終於,那紙密奏被閱盡。
“啪!”
一聲並不算響亮卻如同九天落雷般的脆響從御桌上傳來。
那張桑皮紙密報,被一隻因極致的憤怒的手,狠狠摔在金絲楠木光潔無塵的地面上,紙卷彈跳了一下,散開來,如同垂死的蝶羽。
“豈有此理!”
蕭雲霆的聲音如同寒冰滾過的刀鋒,冰冷刺骨,每一個字都蘊含著足以毀滅城池的憤怒。
“區區一個從六品知縣,一個地方蠹蟲,竟敢私通悍匪,威脅我大晟的朝廷命官,還敢誅殺皇族血親?他王玄德,有幾顆腦袋夠砍?這鹽淵村,之前鬧了一回還嫌不夠,這次還想再到朕頭上作妖?真是百死而不解朕的心頭之恨!”
帝王之怒,伏屍百萬!
整個御書房像是被瞬間投入了極北冰原,寒流瀰漫。
侍立在側的太醫院首座、當今聖上最為信任的心腹之一——陸青陽,始終平靜無波的面容微微一動。

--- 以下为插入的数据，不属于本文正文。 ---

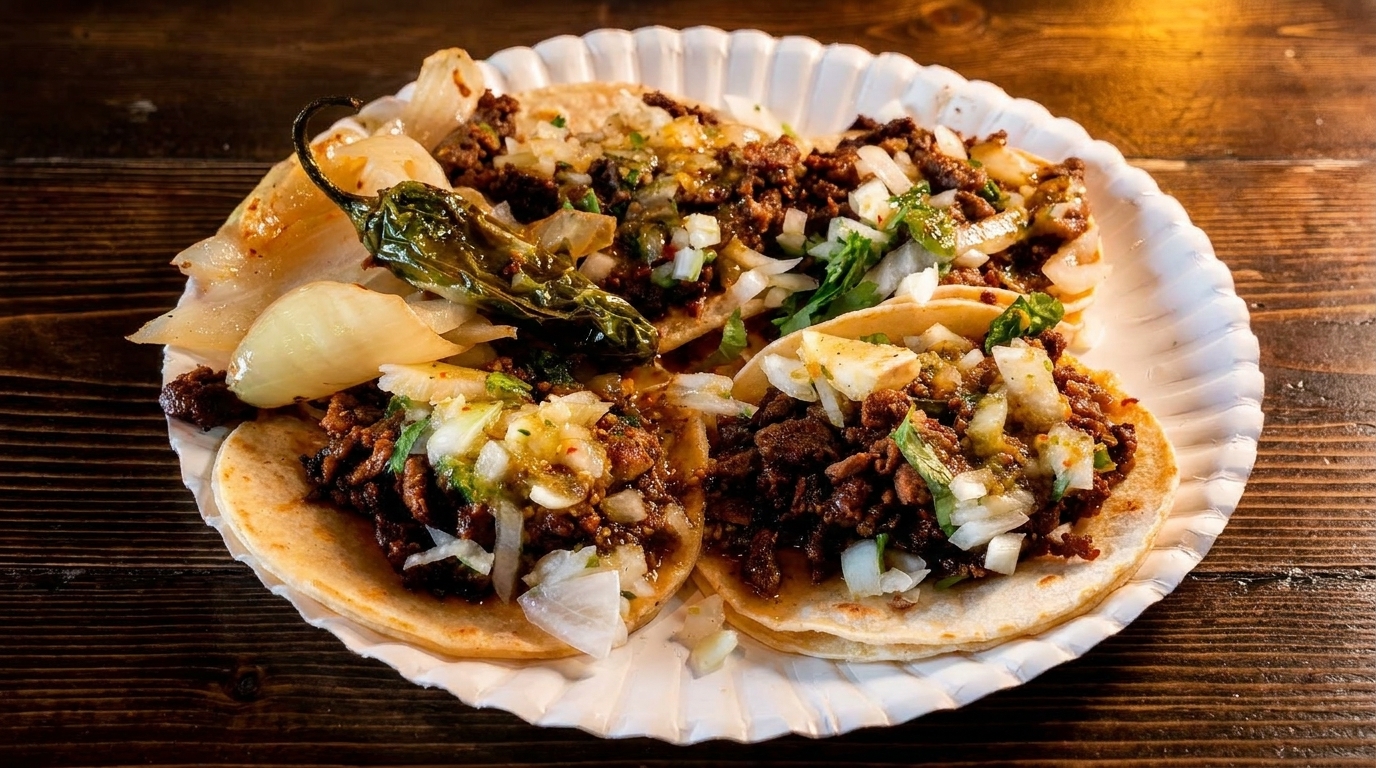 Three street tacos with meat, onions, cilantro, and salsa, served with grilled onions and a jalapeño.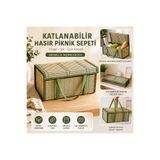 royalscent Katlanabilir Hasır Piknik Sepeti – Bambu Görünümlü Kapaklı Çok Amaçlı Saklama Sepeti
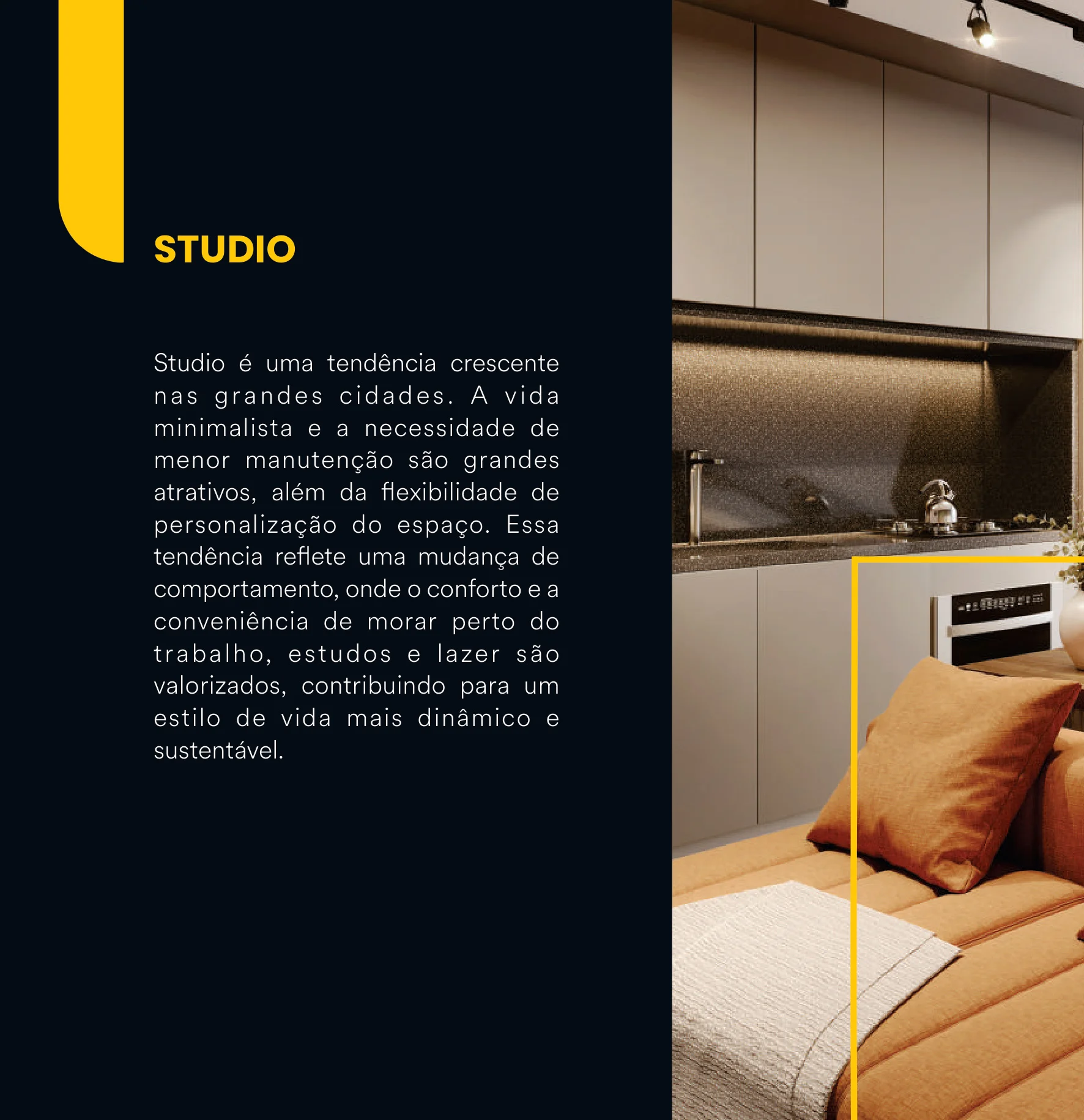 Perspectiva do Studio inteligente com integração e acabamento refinado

在那紙密報被摔落地面的瞬間,他精明的目光便如蜻蜓點水般,不動聲色地掃過了地上那攤開後觸目驚心的字字句句。
“金石縣主簿李承影密報,林神女被知縣王玄德夥同悍匪劫持,九王爺蕭景珩失蹤,被汙衊為匪,欲行絕殺!”
陸青陽那顆深藏在寬袍下的心,猛地一沉。
隨即一股被點燃的、熔岩般的憤怒直衝天靈蓋!
他努力維持著表面的平和,袖袍下的手背卻微微暴起幾道極其細微的青筋。
“蠢豬!愚蠢至極的莽夫!廢物!”
他在心中發出無聲的咆哮。
“只是交代他在暗處稍加掣肘,給那位林神女添些麻煩,讓她在金石縣這攤渾水裡多一些磕絆,耽誤她的治療行程罷了,誰曾想……誰曾想這個自以為是的王玄德,竟敢把天都給捅漏了,惹出如此彌天大禍!”
“私通悍匪?劫持神女?誅殺親王?哪一條不是誅九族的滔天大罪?這已經不是蠢,這是自取滅亡!更會牽連我暗中佈局的計劃,這顆棋子,已經徹頭徹尾地失控了!”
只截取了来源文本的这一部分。